Kimball’s Data Warehousing architecture, known as, Data Warehouse Bus (BUS), uses bottom-up technique to create dimensional data marts for specific business process. Dimensional data marts are created using Dimensional Data Modeling, a modeling technique which violates normalization rules and is unique to data warehousing.  The data to the data mart is populated from a staging area, where data is at the lowest grain to populate tables (Ponniah, 2001, p.137). The integration of data marts to create the Data warehouse is achieved by the data warehouse bus in the BUS architecture. Dimensional modeling focuses on ease of end user accessibility and provides a high level of performance to the data warehouse. A popular design used by Kimball for dimensional modeling is the Star Schema, comprising fact tables and dimension tables (Kimball, 2008).  The fact table contains very less number of rows and represents the factual or additive values and the dimension table holds the descriptive data for the dimensions (Star Schemas,”IBM”, 2008). Kimball’s suggests the concept of ‘Conformed Dimensions,’ dimensions which are shared between fact tables, to deal data replication.  Kimball recommends a Four-step Dimensional design process for the development of data warehouse with emphasis to keep the granularity of data to the lowest level possible.

Key Differences in Approach

Methods proposed by Inmon and Kimball have its own differences in design and architecture. In Kimball’s vision a Data Warehouse is union of data marts with conformed dimensions whereas in Inmon’s view a Data warehouse is normalized enterprise level data storage. Inmon’s used top-down approach to create a normalized enterprise level data warehouse while Kimball used bottom-up approach to create departmental data marts on selected business process. Inmon focuses on ER modeling technique and the data loaded to data warehouse is in 3NF. Kimball focuses on multidimensional database design and uses star schema to create denormalized dimensional model.
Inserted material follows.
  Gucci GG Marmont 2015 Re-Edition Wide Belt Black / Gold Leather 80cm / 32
Key Similarities/Agreements in Approach

Both Inmon’s and Kimball’s approaches give importance to time attribute of the data. In Inmon’s approach the time attribute related to a database may be spread in different normalized tables where as in Kimmon’s approach of dimensional modeling time attributes are grouped together as time dimension (Beslin,”tdwi”, 2008). Both approaches use ETL process to develop the data warehouse. The extracted data from different data sources has to be integrated, optimized and transformed before loading to the database. Both Kimball and Inmon share the view that stand-alone data marts are of marginal use for enterprise wide data warehouse.
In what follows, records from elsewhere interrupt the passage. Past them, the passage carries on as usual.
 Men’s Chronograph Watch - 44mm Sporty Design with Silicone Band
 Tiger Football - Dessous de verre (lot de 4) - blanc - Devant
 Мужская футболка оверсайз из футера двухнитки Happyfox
Which Approach is a Better Design

The two leading methodologies for designing the data warehouse are Inmon’s Corporate Information Factory (CIF) and Kimball’s Data Warehouse Bus (BUS). Choosing a data warehousing approach depends on many factors like user requirements, data sources, level of granularity required, resources u have to build the data warehouse and the methods used to analyze the data. For data warehouse built from ERP systems, like Oracle eBusiness Suite, Kimball’s approach to build data marts is a more suitable approach (Kiriti, 2007). Inmon’s approach is suited if u need an enterprise level data warehouse where transactions are modeled to 3NF,like the pre-built data warehouse solutions for industries like telecom from Oracle (Kiriti, 2007). I think best approach will be a combination of methodologies and architecture, a hybrid approach, with extended customization to meet the scope of the project.